During and after the War for Southern Independence, Jefferson Davis was accused of a wide variety of villainies. Not all of his accusers were Yankees, but Northerners made the most extensive and lasting attacks upon Davis. In one of these insults -- a letter embossed with an American eagle crushing "Secession" and holding proudly in its beak a U.S. banner announcing "Death to Traitors" -- a New Yorker wrote: "Jeff Davis you rebel traitor here is the beauty of America one of the greatest treasures that ever waved over your sinful head. Now I want you to look at this motto and think of me for -- say death to cession [sic] and death to all traitors to their country and these are my sentiments exactly. Yours not with respect for I can never respect a traitor to his Country a cursed traitor." The same view of Davis as being "among the archtraitors in our annals" was expressed just as emphatically years later by Theodore Roosevelt and Harvard University Professor Albert T. Perkins.


The President's children, circa 1866. From left to right: Jefferson, Jr., Margaret, William, and Varina Anne. The photograph was taken in Montreal while President Davis was incarcerated in Fort Monroe, Virginia.

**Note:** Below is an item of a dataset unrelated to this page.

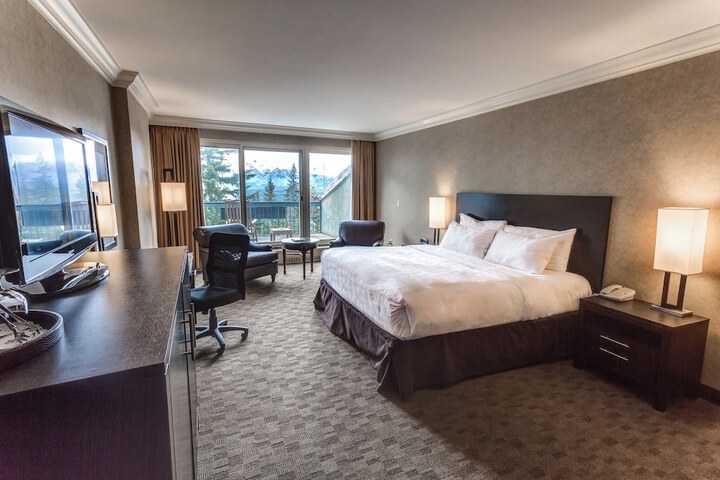 Room 34 of 104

Davis became, and remained to Northerners, the quintessential wrongdoer. Later generations of liberal progressives would consider him an American Hitler. Immediately after the War for Southern Independence Yankee authorities put Davis in jail and left him there for two years without a trial, while they tried to implicate him in the assassination of Lincoln, alleged cruelty to Federal prisoners, and treason itself. Though never brought to trial or convicted of any crime, Davis received abundant abuse in the Yankee press and on the podium. During and after the war the New York Times depicted him as a murderer, a cruel slaveowner whose servants ran away, a liar, a boaster, a fanatic, a confessed failure, a hater, a political adventurer, a supporter of outcasts and outlaws, a drunkard, an atrocious misrepresenter, an assassin, an incendiary, a criminal who was gratified by the assassination of Lincoln, a henpecked husband, a man so shameless that he would try to escape capture by disguising himself as a woman, a supporter of murder plots, an insubordinate soldier, an unwholesome sleeper, and a mean-spirited malingerer.

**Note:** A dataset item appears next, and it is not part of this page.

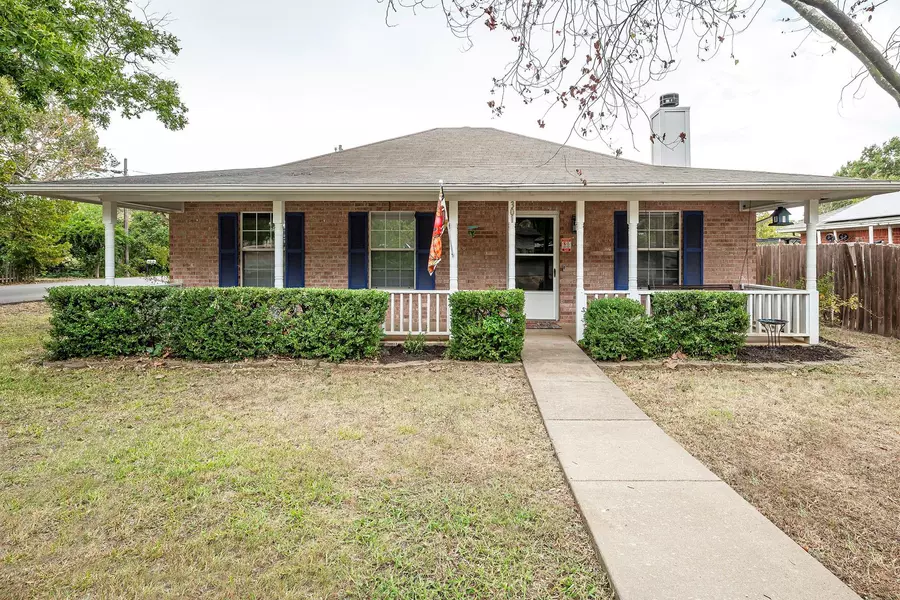 301 W Pecan Street, Aubrey, TX 76227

Anti-Davis sentiment was more than mere newspaper talk. Following the war the citizens of Sacramento, California, true to their vigilante tradition, hanged Davis in effigy. A few months later the Kansas Senate passed a resolution to hang him in person. More than ten years after the war ended, widespread opposition prevented him from speaking anywhere in the North. In 1876 a Yankee newspaper editor answered the question, should Davis be given amnesty, with a resounding "no," and in 1880 a man who cheered for Jefferson Davis in Madison, Indiana, was shot.

"Malice and slander have exhausted their power against you," a Southerner tried to assure the continually criticized Confederate President. At the end of the nineteenth century an observer noted: "I believe there never was a time when a whole people were more willing to punish one man than were the people of the North to punish Mr. Davis for his alleged crimes." Twenty years after Davis's death, handbills accusing him in Lincoln's assassination still circulated, and the New York Times published an editorial denouncing plans for a Southerner to donate for use on the new battleship Mississippi a silver service with the likeness of Jefferson Davis etched on each piece. More than a hundred years passed before the Congress of the United States officially forgave Davis for being President of the Confederacy.



No other Confederate leader had to wait so long for either official or unofficial exoneration. By the early 1900s, Robert E. Lee, the greatest Yankee killer of all time, had become a national hero, absolved of his sins, and soon considered so harmless that the government allowed his picture to be hung on the walls of Southern public schools alongside those of Washington and Lincoln. When I was young a number of Southern schools were named in honor of Jefferson Davis, but since then most, if not all of those, have been forced to change their names to dishonor the Confederate President.

Such efforts to disgrace him bothered even Southerners who were never his "particular friend." "I never believed he was a very great man, or even the best President the Confederate States might have had," wrote John S. Wise. "But he was our President. Whatever shortcomings he may have had, he was a brave, conscientious and loyal son of the South. He did his best, to the utmost of his ability, for the Southern cause. He, without being a whit worse than the rest of us, was made to suffer for us as was no other man in the Confederacy. And through it all he never, to the day of his death, failed to maintain the honor and the dignity of the trust confided to his keeping. It distresses me to this day," admitted Wise, "whenever I hear anybody speak disparagingly of this man, who was unquestionably devoted to the cause for which he lived and died, and who was infinitely greater than his traducers."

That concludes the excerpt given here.